In 1989, my sister and I were sent to attend a private Evangelical school in our hometown in VA.  They advertise with the preface that they are a non-denominational school, but this particular school might really mean "non-denominational as long as you aren't Catholic".  I was nine years old when we made the switch and I was so excited because many of my friends already went to school there.  At that time, I didn't really think anything of the few negative experiences I had, but in hind sight, those experiences created in me a harsh, defensive nature.  

It was at this elementary school that I was told by some of my peers that I wasn't a Christian because I was Catholic.  Ouch.  As a nine year old little girl, who had asked Jesus to be the Light of her Heart just five years earlier, I didn't understand.  One day, a teacher very kindly asked me to bring my Catholic Bible to show and tell.  I 
remember feeling embarrassed, thinking "Don't y'all have your own bibles?  
Mine's pretty much the same..."  

 It was at this point in my life I remember the questions starting.  Questions like "Why do you worship Mary and the Saints?".  My mother was called names in the carpool line.  We became defensive and wounded.

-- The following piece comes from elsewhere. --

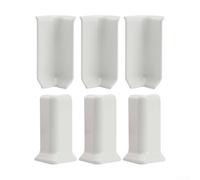 6 pezzi di blocchi angolari autoadesivi per battiscopa, 3 connettori per angoli interni + 3 per angoli esterni, per battiscopa alti 8 cm, per decorazioni murali domestiche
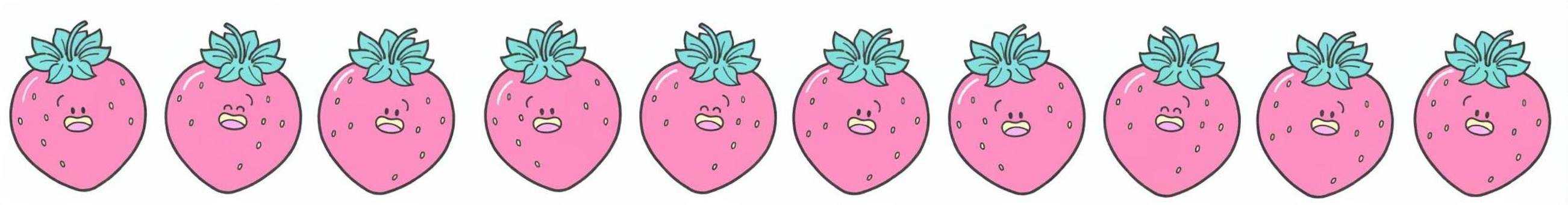 いちごの手描きライン素材2 いちご,ライン,手描き,シンプル,果物,単品,フルーツ,食べ物,挿絵,飾りのイラスト素材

Fast forward several years and I was going off to college.  I had decided to follow in my older sister's footsteps and attend the Franciscan University of Steubenville.  This was definitely where the Lord was leading me and I made a lot of great friends during my four years there.  Almost all of us are still friends today.  It was/is comfortable for all of us to share the same faith.  It's easy to be friends with others when your core 
beliefs are the same.

I look back on the years in college, and through the years leading up until this point, and I realize something.  This is something that really began to materialize in my mind after two uncomfortable exchanges between a couple of college friends and my husband Matt, back when we were dating.  We have become so comfortable with our Catholic friends and in our Catholic bubbles that we have forgotten how to love.  We have become so defensive, we're now the ones asking the questions.  "Why aren't YOU Catholic?"  
"Why don't you love Mary?!  She IS the mother of God you know."  We're sneering at non-Catholic Christians and they're sneering at us.  WHY?  

Scripture tells us in John 17:20-21,
 "I do not ask for these only, but also for those who will believe in me through their word, that they may all be one, just as you, Father, are in me, and I in you, that they also may be in us, so that the world may believe that you have sent me."
     
 Are we "in the Lord" when we're sneering, jabbing, and publicly arguing with our Christian brothers and sisters of other faith backgrounds?  No.  

We have to learn to love each other.  In word and action. 

Thankfully, my husband Matt has been teaching me how to love my non-Catholic brothers and sisters since the day we met.  We've learned that we're not all that different.  
"We believe in God the Father.  We believe in Jesus Christ.  We believe in the Holy Spirit, and He's given us New Life!"